• _Task statement_
Every line from the one containing "Ramlinsburg to Tuggen map" through the end of the listing below goes in the output, exactly and without pictures.

• _Material provided_
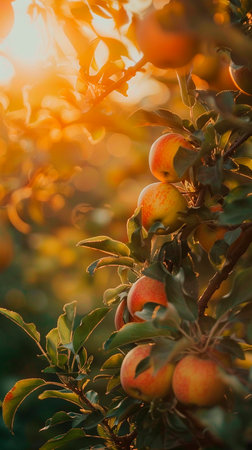Ripe apples on the tree in the orchard at sunset.の素材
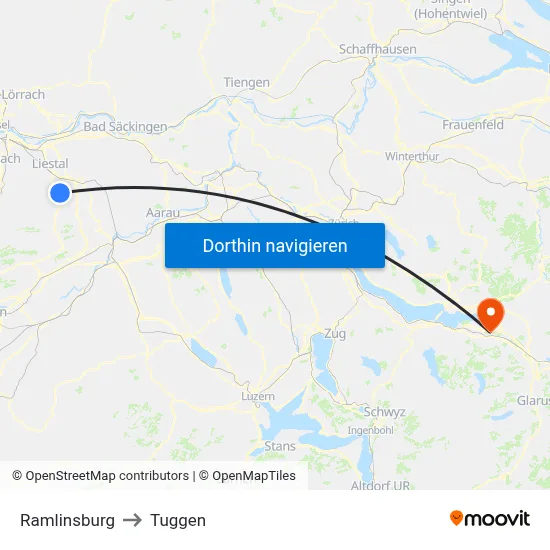 Ramlinsburg to Tuggen map
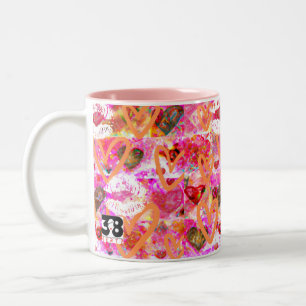 Herz und Lippen Zweifarbige Tasse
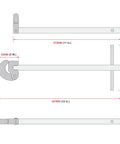 Technical diagram of adjustable basin wrench, showing dimensions with 11-inch handle for under sink use, focus on self-adjusting jaws.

• _Reply_
 Ramlinsburg to Tuggen map
 Herz und Lippen Zweifarbige Tasse
 Technical diagram of adjustable basin wrench, showing dimensions with 11-inch handle for under sink use, focus on self-adjusting jaws.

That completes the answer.